The research team—led by James Juno, a staff physicist at the U.S. Department of Energy's (DOE) Princeton Plasma Physics Laboratory (PPPL)—used what is known as "field-particle correlation" (FPC) for a detailed view of how shock waves composed of plasma, the hot, charged state of matter that makes up 99% of the visible universe, can heat up blobs of plasma in outer space.
FPC is an algorithm that digests data produced by spacecraft or computers and determines how the energy of magnetic fields and moving plasma particles change back and forth. The process gives precise information about the particles' positions and velocities as the changes occur.
"Though much of what we found was already well known, heat transfer has never been examined in this way before," said James Juno, a staff physicist at the U.S. Department of Energy's (DOE) Princeton Plasma Physics Laboratory (PPPL) and lead author of a paper reporting the results in The Astrophysical Journal. "The fact that this technique works as well as it does shows us that there are new ways to look at old problems."
PPPL scientists study plasma because it fuels fusion reactions within doughnut-shaped devices known as tokamaks and twisty facilities known as stellarators. Plasma is a soup of atomic nuclei, or ions, electrons, and neutral atoms that together allow the flow of electric current. That flow allows plasma to respond to magnetic fields, which scientists use to corral the plasma within fusion facilities. Researchers are trying to harness fusion, which drives the sun and stars, to generate electricity without producing greenhouse gases and long-lived radioactive waste.
The FPC technique reveals plasma behavior never observed before, including which parts of the plasma are heating up and which physical processes are responsible. Older techniques can produce only broad pictures of where and how a plasma heats up.

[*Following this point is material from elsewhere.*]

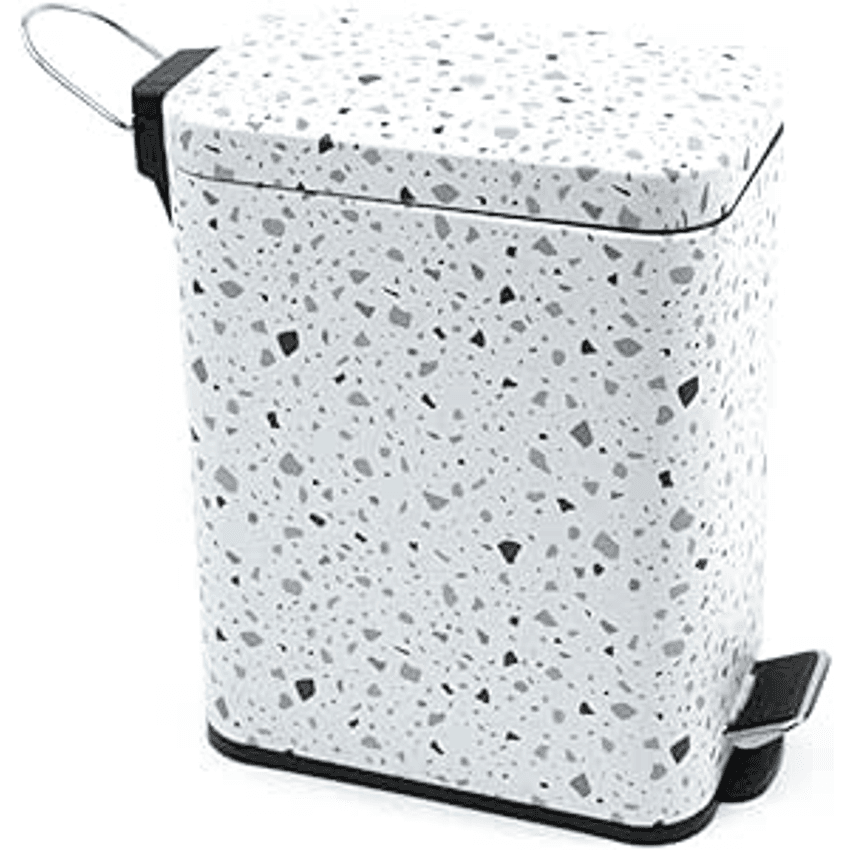 Oikos - Lixeira Retangular 5L de Metal com Pedal Granilite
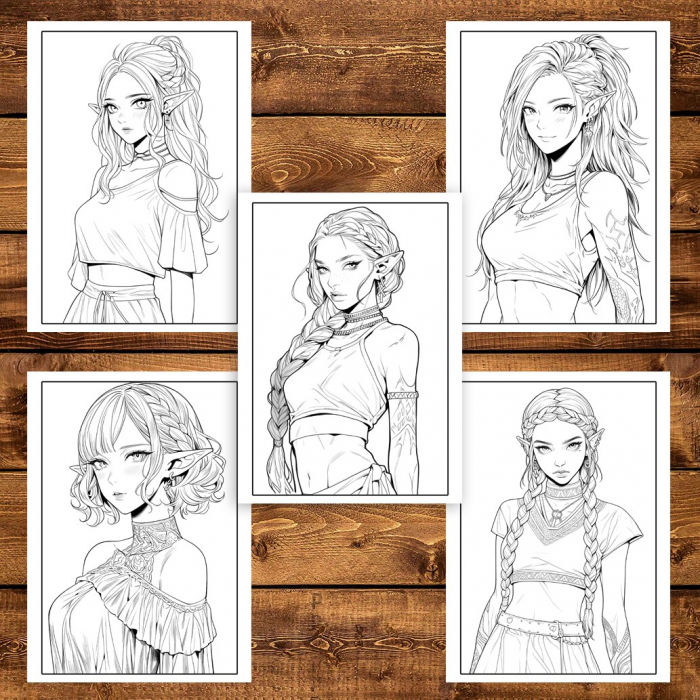 Carte de colorat pentru adulti, 50 de ilustratii Anime Modern Elves, 106 pagini [5]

"One of our key findings is that different regions of the plasma could respond to a shock wave in different ways," Juno said. "We now have a more holistic picture of what's going on in the shock wave interactions."
"This means that we can discover the energy of a specific particle at a particular position and that a shock wave is transferring energy to a particular plasma region," Juno said. "Previous methods cannot distinguish between the large variety of processes that are occurring."
Juno and colleagues performed the FPC technique, which was developed by Gregory Howes at the University of Iowa, on data produced by a plasma simulation program known as Gkeyll (pronounced like Robert Louis Stevenson's Dr. "Jekyll"). PPPL developed the code to simulate the orbiting of plasma particles around magnetic field lines at the edge of the plasma in tokamak fusion facilities. Scientists are constantly updating the program to extend its capabilities.
"Gkeyll has many components that apply to a range of plasma problems, from space plasmas to laboratory fusion experiments," said Ammar Hakim, PPPL deputy associate laboratory director for the computational sciences department. "And with new National Science Foundation investment in the Cyberinfrastructure for Sustained Science Innovation program, we are improving Gkeyll to make it a national resource for plasma simulations."
Scientists can use FPC to glean information from current space voyages like NASA's Magnetospheric Multiscale (MMS) mission, which employs four satellites flying in formation in the region of space affected by Earth's magnetic field. "The MMS mission presents an incredible opportunity to study space plasmas using the FPC technique," says Collin Brown, researcher at the University of Iowa and co-author of the paper. "That significantly enhances our ability to study the three-dimensional structure of energy transfer."
Moreover, "it's one thing to use a supercomputer to reproduce a plasma shock wave," Juno said. "But the FPC technique can actually help you learn new things about the world. And that's exciting."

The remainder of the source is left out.